Question 15. A class has 15 students whose ages are 14, 17, 15, 14, 21, 17, 19, 20, 16, 18, 20, 17, 16, 19 and 20 years. If X denotes the age of a randomly selected student, find the probability distribution of X. Find the mean and variance of X.
Answer:
Solution:

x (Age)	No. of students	p	xp	x2p
14	2	\( \frac{2}{15} \)	\( \frac{28}{15} \)	\( \frac{392}{15} \)
15	1	\( \frac{1}{15} \)	\( \frac{15}{15} \)	\( \frac{225}{15} \)
16	2	\( \frac{2}{15} \)	\( \frac{32}{15} \)	\( \frac{512}{15} \)
17	3	\( \frac{3}{15} \)	\( \frac{51}{15} \)	\( \frac{867}{15} \)
18	1	\( \frac{1}{15} \)	\( \frac{18}{15} \)	\( \frac{324}{15} \)
19	2	\( \frac{2}{15} \)	\( \frac{38}{15} \)	\( \frac{722}{15} \)
20	3	\( \frac{3}{15} \)	\( \frac{60}{15} \)	\( \frac{1200}{15} \)
21	1	\( \frac{1}{15} \)	\( \frac{21}{15} \)	\( \frac{441}{15} \)
Total			\( \frac{263}{15} \)	\( \frac{4683}{15} \)

E(X) \( = \Sigma xp = \frac{263}{15} = 17.53 \)
V(X) \( = \Sigma x^2p - (\Sigma xp)^2 \)
\( = \frac{4683}{15} - (\frac{263}{15})^2 \)
\( = \frac{4683}{15} - \frac{69169}{225} \)
\( = \frac{70245 - 69169}{225} \)
\( = \frac{1076}{225} = 4.78 \)
SD(X) \( = \sqrt{V(X)} = \sqrt{4.78} = 2.18 \)
In simple words: This question asks us to find the probability distribution of ages in a class, along with the average age (mean) and the spread of ages (variance). We calculate the probability for each age by dividing the count of students of that age by the total number of students, then use these probabilities to find the mean and variance.
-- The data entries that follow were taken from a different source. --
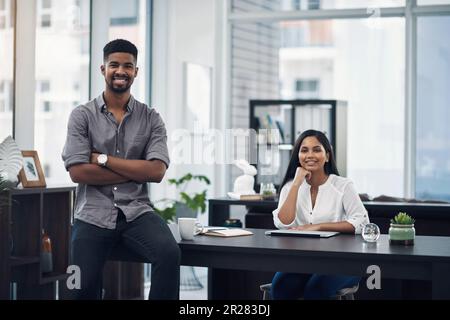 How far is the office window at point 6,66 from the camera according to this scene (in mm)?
5387

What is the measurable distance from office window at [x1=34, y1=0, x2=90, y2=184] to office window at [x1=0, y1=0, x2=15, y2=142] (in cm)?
36

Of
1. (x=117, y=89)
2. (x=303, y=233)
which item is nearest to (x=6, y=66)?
(x=117, y=89)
🎯 Exam Tip: When calculating mean and variance from a frequency distribution, ensure all probabilities sum to 1. Double-check calculations involving fractions or decimals, especially when squaring the mean for variance.

 

Question 16. 70% of the member's favour and 30% oppose a proposal in a meeting. The random variable X takes the value 0 if a member opposes the proposal and the value 1 if a member is in favour. Find E(X) and V(X).
Answer:
Solution:

x	p	xp	x2	x2p
0	0.3	0	0	0
1	0.7	0.7	1	0.7
Total		0.7		0.7

E(X) \( = \Sigma xp = 0.7 \)
V(X) \( = \Sigma x^2p - (\Sigma xp)^2 \)
\( = 0.7 - (0.7)^2 \)
\( = 0.7 - 0.49 \)
\( = 0.21 \)
In simple words: This problem calculates the expected value and variance for a binary random variable representing a proposal vote. With 70% favoring (X=1) and 30% opposing (X=0), the expected value is simply the probability of favoring, and the variance measures the spread of these outcomes.

🎯 Exam Tip: For simple Bernoulli distributions like this, remember that E(X) = p and V(X) = p(1-p). This can be a quick check for your calculations or a shortcut if the question allows.